After a run of nearly five years, E-SITE will be sun downed in December of 2020, and DIA has released the draft RFP for the follow-on contracting effort called SITE III. SITE III is a combination of E-SITE with other contracts.

SITE III will be an IDIQ contract. While E-SITE had an estimated value of $6B, GovWin gives a $12B estimate for SITE III. The government has stated they intend to award to “each Qualifying Offeror.”

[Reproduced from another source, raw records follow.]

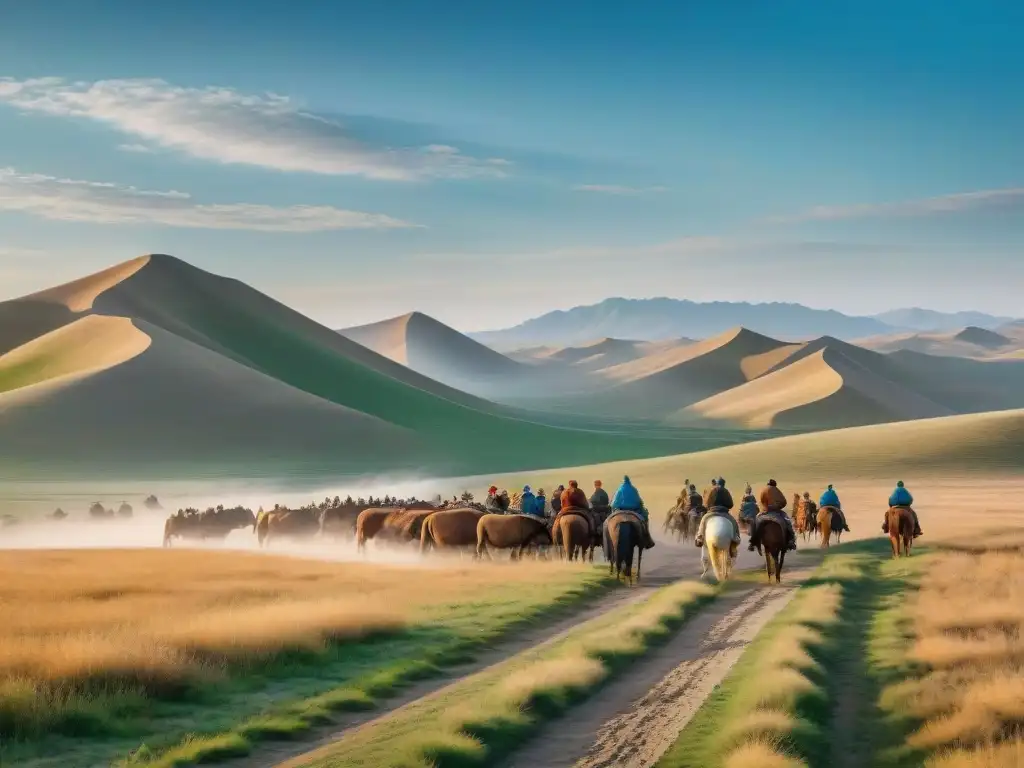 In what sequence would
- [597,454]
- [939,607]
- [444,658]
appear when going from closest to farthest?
1. [444,658]
2. [939,607]
3. [597,454]

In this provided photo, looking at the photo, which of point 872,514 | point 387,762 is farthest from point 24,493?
point 387,762

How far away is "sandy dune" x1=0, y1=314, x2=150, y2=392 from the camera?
170250 mm

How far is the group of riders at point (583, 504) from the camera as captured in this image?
29.4 meters

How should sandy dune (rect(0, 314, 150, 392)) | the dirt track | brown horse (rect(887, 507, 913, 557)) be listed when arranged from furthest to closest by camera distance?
sandy dune (rect(0, 314, 150, 392)), brown horse (rect(887, 507, 913, 557)), the dirt track

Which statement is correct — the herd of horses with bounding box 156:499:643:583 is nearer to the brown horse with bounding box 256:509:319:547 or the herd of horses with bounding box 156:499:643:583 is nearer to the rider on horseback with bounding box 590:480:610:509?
the brown horse with bounding box 256:509:319:547

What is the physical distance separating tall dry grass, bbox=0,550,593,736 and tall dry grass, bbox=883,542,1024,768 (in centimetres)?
878

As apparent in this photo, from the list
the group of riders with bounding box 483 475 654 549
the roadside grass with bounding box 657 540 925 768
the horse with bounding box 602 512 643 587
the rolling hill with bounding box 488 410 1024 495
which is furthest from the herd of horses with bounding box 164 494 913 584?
the rolling hill with bounding box 488 410 1024 495

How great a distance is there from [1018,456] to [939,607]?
252ft

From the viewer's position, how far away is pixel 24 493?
97062 mm

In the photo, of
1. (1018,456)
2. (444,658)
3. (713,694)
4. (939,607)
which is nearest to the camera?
(713,694)

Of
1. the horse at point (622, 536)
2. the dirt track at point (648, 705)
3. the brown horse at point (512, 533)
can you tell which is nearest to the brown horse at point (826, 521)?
the brown horse at point (512, 533)

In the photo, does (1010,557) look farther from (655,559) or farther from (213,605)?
(213,605)

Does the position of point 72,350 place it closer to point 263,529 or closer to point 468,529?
point 263,529

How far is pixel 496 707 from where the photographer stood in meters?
14.5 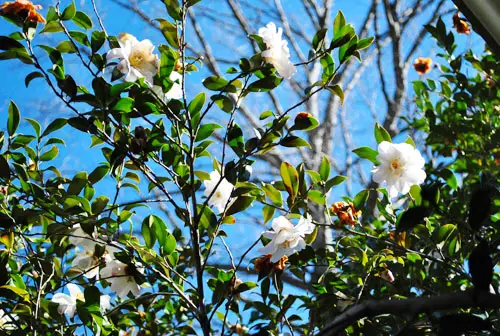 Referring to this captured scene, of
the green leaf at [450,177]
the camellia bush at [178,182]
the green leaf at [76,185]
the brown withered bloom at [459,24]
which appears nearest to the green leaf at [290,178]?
the camellia bush at [178,182]

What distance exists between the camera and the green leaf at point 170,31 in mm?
1129

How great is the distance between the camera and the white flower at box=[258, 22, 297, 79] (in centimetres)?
110

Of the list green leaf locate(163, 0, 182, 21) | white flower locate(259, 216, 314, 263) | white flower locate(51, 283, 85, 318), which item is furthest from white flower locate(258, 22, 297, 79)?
white flower locate(51, 283, 85, 318)

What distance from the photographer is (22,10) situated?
1.10 metres

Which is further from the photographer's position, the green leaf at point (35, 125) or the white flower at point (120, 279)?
the green leaf at point (35, 125)

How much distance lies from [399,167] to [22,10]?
2.44ft

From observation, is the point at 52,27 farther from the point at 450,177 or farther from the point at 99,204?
the point at 450,177

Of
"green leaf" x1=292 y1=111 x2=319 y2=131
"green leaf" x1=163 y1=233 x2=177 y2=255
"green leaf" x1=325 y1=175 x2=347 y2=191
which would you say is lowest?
"green leaf" x1=163 y1=233 x2=177 y2=255

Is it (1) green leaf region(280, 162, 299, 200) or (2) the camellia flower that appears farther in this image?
(2) the camellia flower

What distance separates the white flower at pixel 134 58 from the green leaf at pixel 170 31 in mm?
46

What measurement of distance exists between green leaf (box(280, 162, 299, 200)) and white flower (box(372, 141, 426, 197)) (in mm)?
152

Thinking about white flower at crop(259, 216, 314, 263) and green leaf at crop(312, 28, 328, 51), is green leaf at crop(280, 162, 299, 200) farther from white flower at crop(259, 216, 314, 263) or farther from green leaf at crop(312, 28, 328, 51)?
green leaf at crop(312, 28, 328, 51)

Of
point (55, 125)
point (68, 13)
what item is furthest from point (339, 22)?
point (55, 125)

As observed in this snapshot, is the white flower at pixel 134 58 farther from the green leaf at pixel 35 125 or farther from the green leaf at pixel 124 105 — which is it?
the green leaf at pixel 35 125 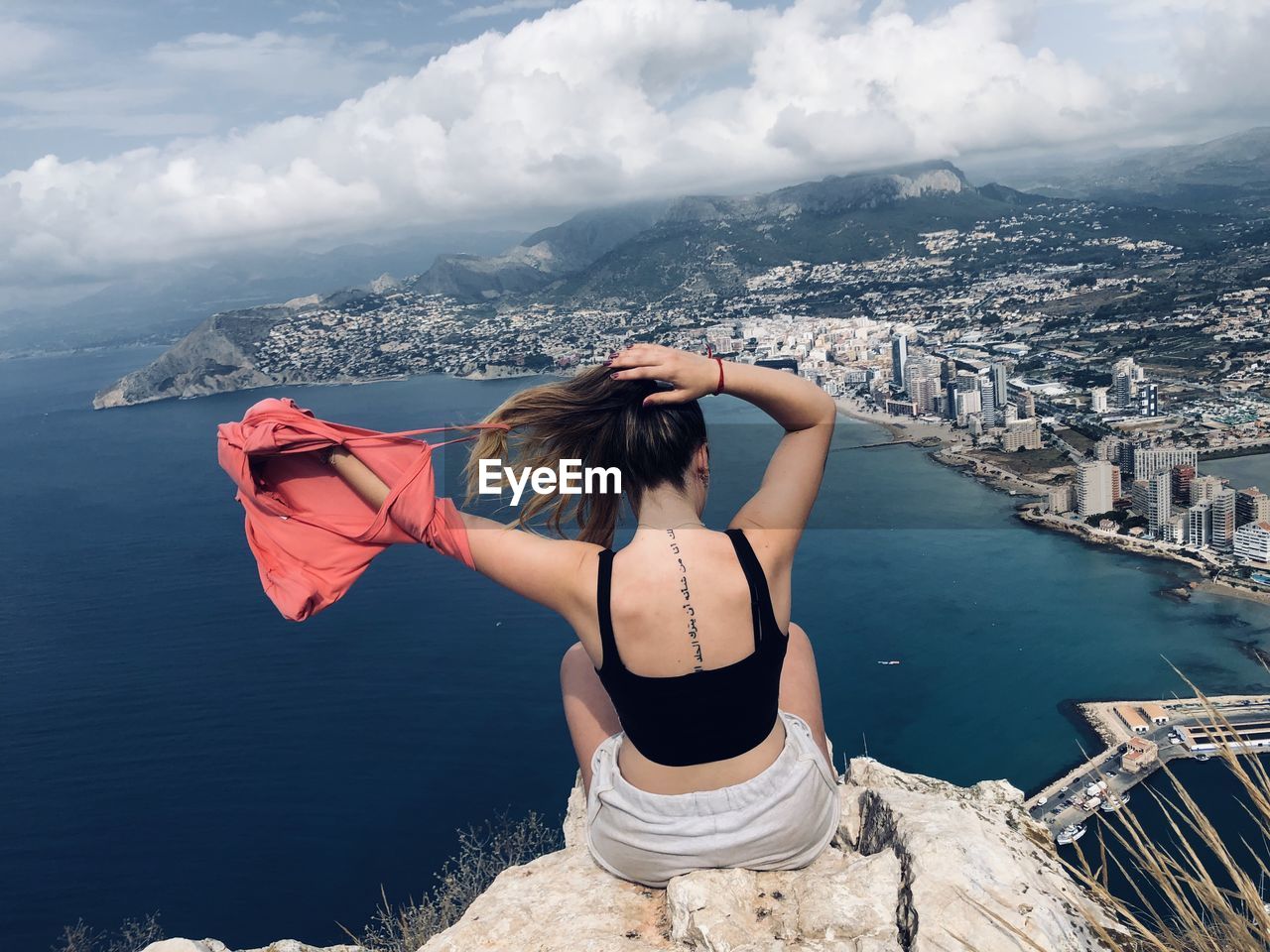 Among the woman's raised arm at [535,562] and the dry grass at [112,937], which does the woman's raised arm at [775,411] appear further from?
the dry grass at [112,937]

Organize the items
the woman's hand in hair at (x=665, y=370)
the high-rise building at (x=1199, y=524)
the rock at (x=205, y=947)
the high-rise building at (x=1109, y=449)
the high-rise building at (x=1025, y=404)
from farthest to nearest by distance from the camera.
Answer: the high-rise building at (x=1025, y=404) → the high-rise building at (x=1109, y=449) → the high-rise building at (x=1199, y=524) → the rock at (x=205, y=947) → the woman's hand in hair at (x=665, y=370)

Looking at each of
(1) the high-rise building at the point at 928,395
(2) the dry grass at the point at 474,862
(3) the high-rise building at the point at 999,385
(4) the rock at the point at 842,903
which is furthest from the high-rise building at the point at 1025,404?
(4) the rock at the point at 842,903

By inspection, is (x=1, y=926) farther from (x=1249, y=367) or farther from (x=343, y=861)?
(x=1249, y=367)

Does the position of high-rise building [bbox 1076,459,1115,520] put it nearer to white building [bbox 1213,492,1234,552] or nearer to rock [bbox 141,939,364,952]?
white building [bbox 1213,492,1234,552]

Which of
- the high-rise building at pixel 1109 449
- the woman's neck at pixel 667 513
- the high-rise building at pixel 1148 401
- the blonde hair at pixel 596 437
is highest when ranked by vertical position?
the blonde hair at pixel 596 437

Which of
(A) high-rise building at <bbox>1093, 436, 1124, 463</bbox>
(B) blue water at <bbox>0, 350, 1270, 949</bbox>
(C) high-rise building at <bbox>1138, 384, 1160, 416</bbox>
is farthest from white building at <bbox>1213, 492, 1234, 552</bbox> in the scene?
(C) high-rise building at <bbox>1138, 384, 1160, 416</bbox>

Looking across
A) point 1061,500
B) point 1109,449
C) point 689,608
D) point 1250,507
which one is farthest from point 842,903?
point 1109,449

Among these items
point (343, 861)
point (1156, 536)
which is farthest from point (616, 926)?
point (1156, 536) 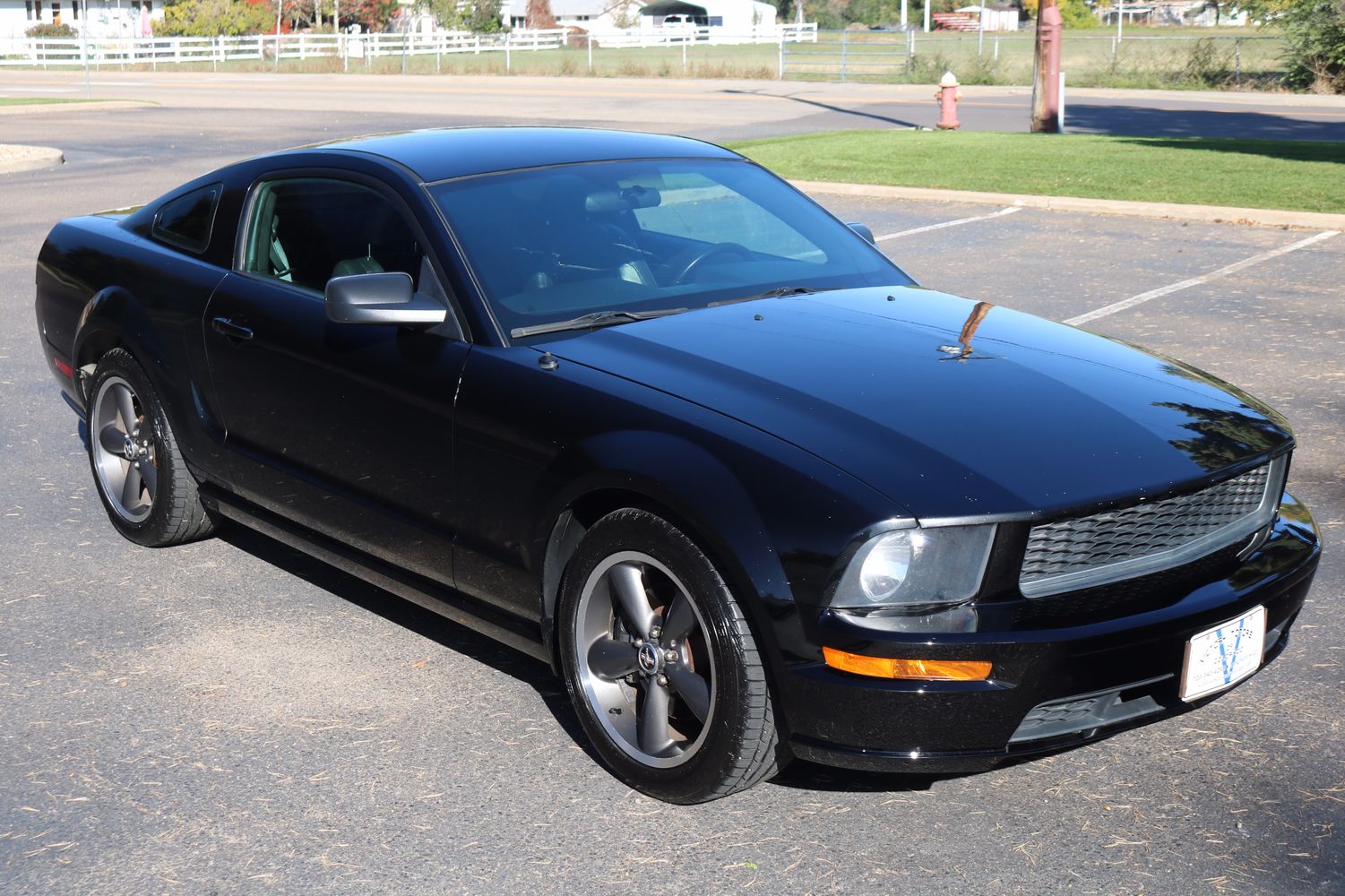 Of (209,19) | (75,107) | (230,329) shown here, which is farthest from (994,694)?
(209,19)

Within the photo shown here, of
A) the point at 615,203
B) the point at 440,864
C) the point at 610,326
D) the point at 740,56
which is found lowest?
the point at 440,864

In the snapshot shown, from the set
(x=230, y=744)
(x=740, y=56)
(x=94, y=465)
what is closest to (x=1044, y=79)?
(x=94, y=465)

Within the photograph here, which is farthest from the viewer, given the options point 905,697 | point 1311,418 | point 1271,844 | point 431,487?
point 1311,418

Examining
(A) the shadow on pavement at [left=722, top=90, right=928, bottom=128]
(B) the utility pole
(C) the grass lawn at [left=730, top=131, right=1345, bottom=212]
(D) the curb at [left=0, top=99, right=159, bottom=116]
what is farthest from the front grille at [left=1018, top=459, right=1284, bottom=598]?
(D) the curb at [left=0, top=99, right=159, bottom=116]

The draft SOW identifies the following task areas:

  • Enterprise Activities and Services— a broad brush of activities to include assessment and evaluation, testing, project management and planning logistical support, including configuration management. Also included in this area is knowledge management, enterprise operations and ITSM
  • Infrastructure Development/Sustainment (six task areas)— life cycle support, service desk, and desk side and field services support; connectivity and network services; enterprise computing, storage, and cloud services, and mission and business systems services; unified communications; audio visual and digital media services; enterprise operations, event monitoring and management and performance
  • Application Development/Sustainment (two task areas)— customer outreach and relationship management, mission engagement and operations planning and customer education and training; software engineering development, and integration, application tool development to include web and portal systems development and sustainment, data analytics; knowledge management, maintenance of development and test environments, and lifecycle software license management
  • Infrastructure/Application Development and Sustainment (two task areas)— support services for outside technical support, callout/per call services, and deployment support; cybersecurity services

There are a few wrinkles with the required services:

  • The prime contractor must hold a Top Secret facility clearance at the time of proposal submission while subs can hold a Secret facility clearance
  • Contractor experience is limited to those have Intelligence Community (IC) experience
  • The Government will use a multi-step, pass/fail evaluation on eight response areas. Failure of any one area will result in loss of award

An interesting twist to the RFP is the use of scenarios for the relevant experience response. Large businesses must provide relevant experience for each of the four scenarios (a citation may be used for multiple scenarios). Small business must provide experience for a minimum of two scenarios. The scenarios are broken down as follows:

  • Infrastructure Scenario #1 — Customer Facing Requirements: Help/Service Desk, Desk Side Support, Endpoint Devices
  • Infrastructure Scenario #2 — Backend Infrastructure and Cybersecurity (Servers, Storage, Cloud, Monitoring, Network
  • Application Scenario #1 — New Software Application Development, Accreditation, Integration, and Deployment
  • Application Scenario #2 — Operation and Maintenance of Applications

Each scenario has different levels of size and scope requirements based upon business size. It’s expected these requirements could limit the number of small businesses that may qualify for award.  Nearly all the current 49 incumbents are large business. And there is no set-aside area.

Status:

Questions were due 4/10/2020 for the latest draft. To date, the Government has answered more than 700 questions, providing numerous clarifications. Per GovWin, the Government expects to release the final solicitation about April 23rdwith responses due on May 27th. Given the last set of question were due on 4/10, anticipate that the 4/23 date could slip to the right. The slip will probably be slight given the fact that current task orders end the end of December of this year. The anticipated award/contract start date is November 1stof this year.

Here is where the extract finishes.